Audiological Profiling in Paraneoplastic Neurological Syndrome: A Case Report
Fathima Shahla CK, Annapurna G Parameswaran and Teja Deepak Dessai*
Department of Hearing Studies, Dr. S. R. Chandrasekhar Institute of Speech and Hearing, India
Submission: May 04, 2022; Published: June 15, 2022
*Corresponding author: Teja Deepak Dessai, Assistant Professor, Dr. S. R. Chandrasekhar Institute of Speech and Hearing, Bengaluru, 560084, India
How to cite this article: Fathima Shahla CK, Annapurna G Parameswaran and Teja Deepak Dessai. Audiological Profiling in Paraneoplastic Neurological Syndrome: A Case Report. JOJ Case Stud. 2022; 13(4): 555868. DOI: 10.19080/JOJCS.2022.13.555868.
Abstract
The study reports a case with complaints of imbalance with postural changes and gait for 4 months. Mr. X was subjected to a detailed Audiological and Vestibular assessment. On evaluation, the objective and subjective test results revealed the presence of retro cochlear pathology. Thus, Mr. X was referred for a Neurological opinion and the results indicated the presence of Paraneoplastic Neurological Syndrome. Therefore, we can understand that individuals with Paraneoplastic Neurological Syndrome can present with abnormal audiological and vestibular test findings.
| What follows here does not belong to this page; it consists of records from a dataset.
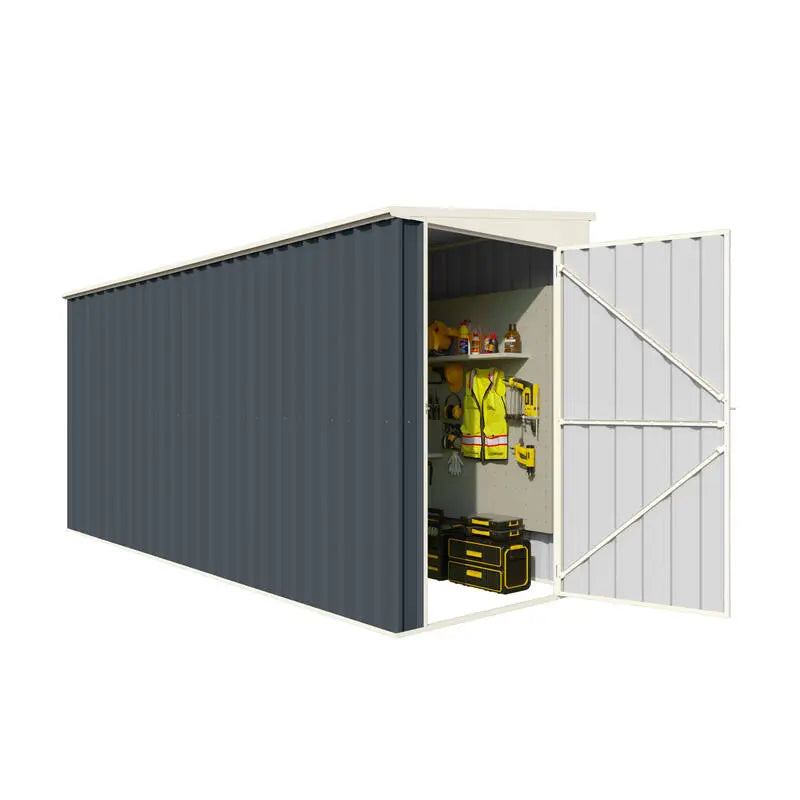 Steelmates 1.3m x 3.39m Garden Sheds Grey Steelmates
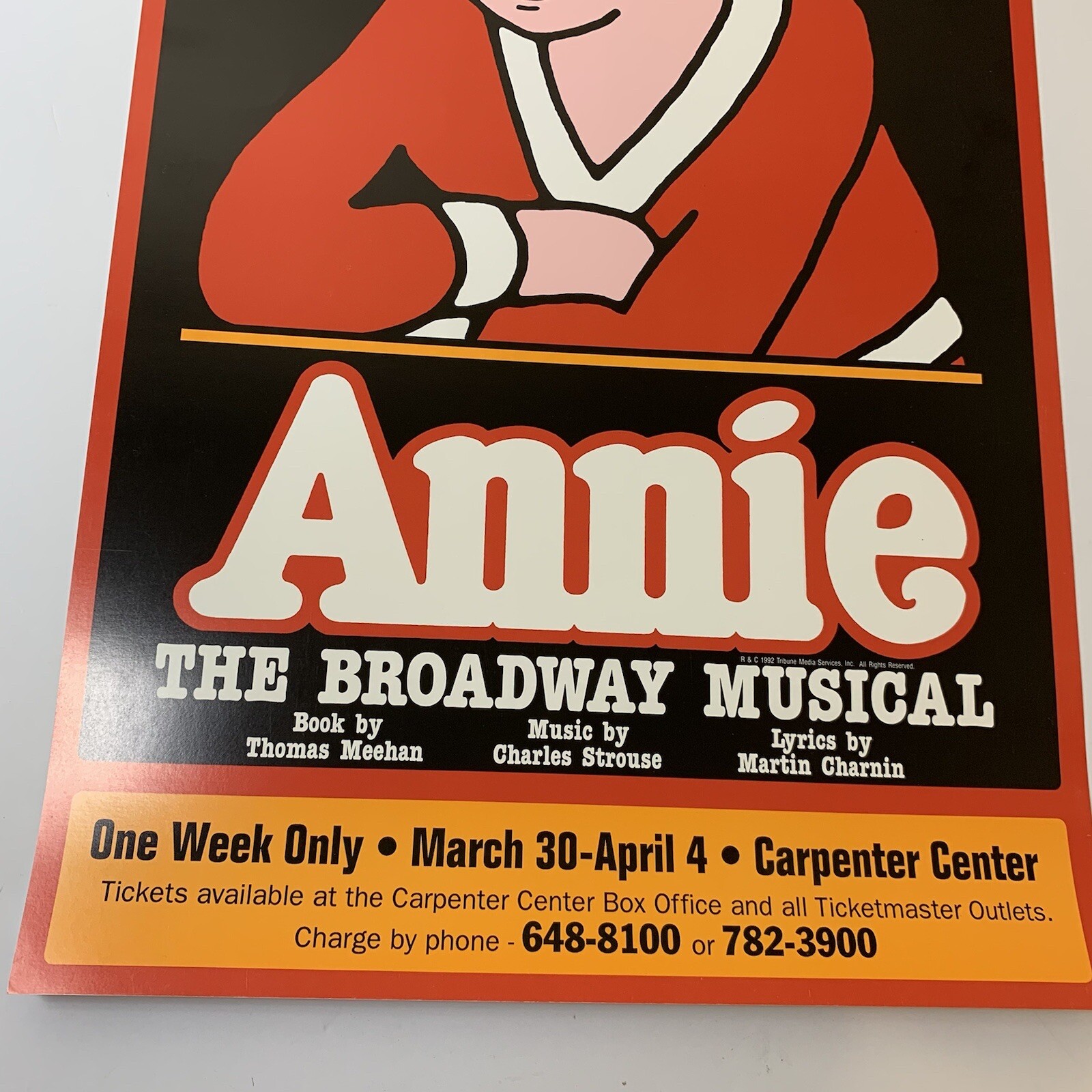 Annie Theater Broadway Window Poster 14" x 22 Marcia Lewis Schuck Carpenter 1992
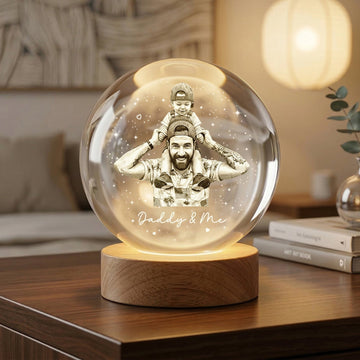 Personalized Crystal Ball Night Light - Custom Photo Gift for Dad, Father's Day Gift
Keywords: Neurological condition; Autoimmune disorder; Audiology findings; Vestibular findings
Introduction
Paraneoplastic neurological syndromes (PNS) are rare disorders associated with cancer, not caused by direct invasion, metastasis or consequences of treatment. They are usually autoimmune in nature. PNS are rare, but are potentially treatable. PNS is associated with cancer, but is not caused by the direct tumour invasion, metastasis or consequences of treatment taken [1]. Primarily, PNS precedes or follows the cancer diagnosis, while, in some cases, the primary cancer may not be found in autopsy results [2]. They can affect any area of the nervous system, including the central, peripheral and autonomic nervous system. Auche [3], stated the involvement of peripheral nervous systems in cancer patients. Although the system involvement is often multifocal, like encephalomyelitis, it can involve a single system, e.g., cerebellar degeneration. PNS can present with multiple clinical manifestations like encephalitis, autonomic failure, peripheral neuropathy, cerebellar ataxia, visual complaints and many others [4]. The authors also stated that PNS are mainly autoimmune. When the body tries to eliminate tumour cells, it launches an immune response, and this response can target normal neural tissues [5]. This could be mediated by antibodies or by T-cells [6]. Thus, PNS reflects a nervous system-specific autoimmune attack initiated by onconeural antigens released to the peripheral lymphoid tissue from an unsuspected primary or recurrent neoplasm [2]. Frequently, a cerebrospinal fluid (CSF) study in these patients reveals lymphocytic pleocytosis, elevated protein, increased immune globulins (IgG) synthesis and oligoclonal bands, supporting the immunological pathology. The exact incidence and prevalence of these disorders are unknown. PNS are a rare clinical condition. It is estimated that 0.5-1% of all patients with cancer have clinically disabling PNS [1]. Early diagnosis and treatment are important because any delay can result in rapid progression and irreversible neurological damage. Diagnosing PNS is often difficult. It requires a combination of clinical and laboratory evaluations to reach early diagnosis.
Treatment of PNS includes treatment of the tumour, immunotherapy and supportive therapy. The best way to stabilize PNS is to treat the cancer as soon as possible. This includes surgical removal of tumour, chemotherapy and/or radiotherapy [4].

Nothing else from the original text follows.